Published 12:00 am Sunday, November 6, 2011

If you want to truly observe Veterans Day this Friday, go to the Waterworks Visual Arts Center and observe what local veterans have shared for the exhibit, “Through a Soldier’s Eyes.”
There you’ll see photographs from more than 40 years ago, capturing both their youth and their experiences in Vietnam — shirtless G.I.s sharing a Christmas Day meal as they sit on the ground, a small Vietnamese man giving a soldier a 25-cent haircut, screaming children running past bodies on a sidewalk.
You’ll see old boots, newspaper headlines, and notes scribbled on the “Message to a Hero” board.
“Thank you all and God Bless you.”
“Rest in Peace My Brother and Welcome Home.”
And you’ll see a pile of smooth rocks, each bearing the name of a fallen soldier, and all of them filling in a heart-shaped space. Love. Remember. Honor.
We honor veterans for serving our country. But we gloss over their horrible experiences and the war that continues to rage in them long after they come home. Until we get them to break their silence.

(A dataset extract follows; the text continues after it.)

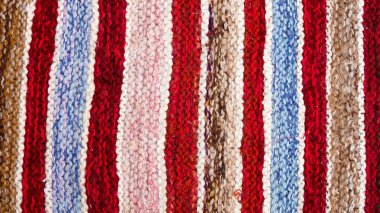 farklı renkli çizgili örme kumaş yüzeyinde. Tekstil retro close-up arka plan halı veya kilim. kumaş dokusuna satırların geometrisi ile bir kombinasyonudur. El yapımı ürün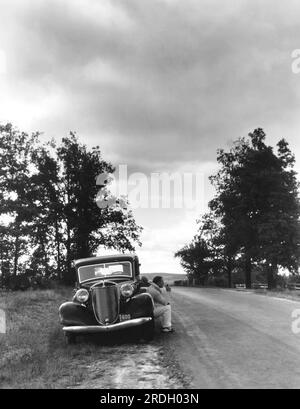 Chautauqua Lake, New York: 1936 Ein Autofahrer parkt in der Abenddämmerung am Straßenrand und genießt die Landschaft und den Rauch seiner Pfeife. Stockfoto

That’s what Sharon Raynor did.
“There was so much we didn’t know about my father,” Raynor, an associate professor at J.C. Smith University said during a talk at the Waterworks last Tuesday. She came across his war diary while she was going through a drawer one day, and it opened for her a chapter of his life that he had closed, shutting himself off from the world with it.
He was withdrawn and showed little emotion, she said. He wouldn’t hug his children like other dads did. He didn’t talk about the war — wouldn’t talk about it — until his daughter started asking him and other veterans a lot of questions.
The result was Raynor’s oral history project, “Breaking the Silence: The Unspoken Brotherhood of Vietnam Veterans.” Her father is part of a team of veterans who not only shared their stories with Raynor but also became a support group for themselves and other veterans.
Raynor shared film footage of the men talking about being in Vietnam.
• One man told of writing home every night yet going four weeks without hearing anything in return. “Is we still in the world or are we on another planet?” he recalled wondering. “… I didn’t realize what it’s like to be 10,000 miles from home.”
• Said another: “…. Vietnam was not my cup of tea. I had to do it and I did it. … War is not fair to anyone.”
• “I didn’t really live. I just survived,” another man said. Alcohol and drugs were the way he dealt with the war, both in Asia and when he came home, but he neglected people close to him. “I thank God that over the years, things did change.”
Not every soldier battles demons after returning home. But they all have stories to tell — and they are all due respect and honor as we celebrate Veterans Day. “We make war that we may live in peace,” Aristotle said. No one deserves that peace more than the veterans who won it.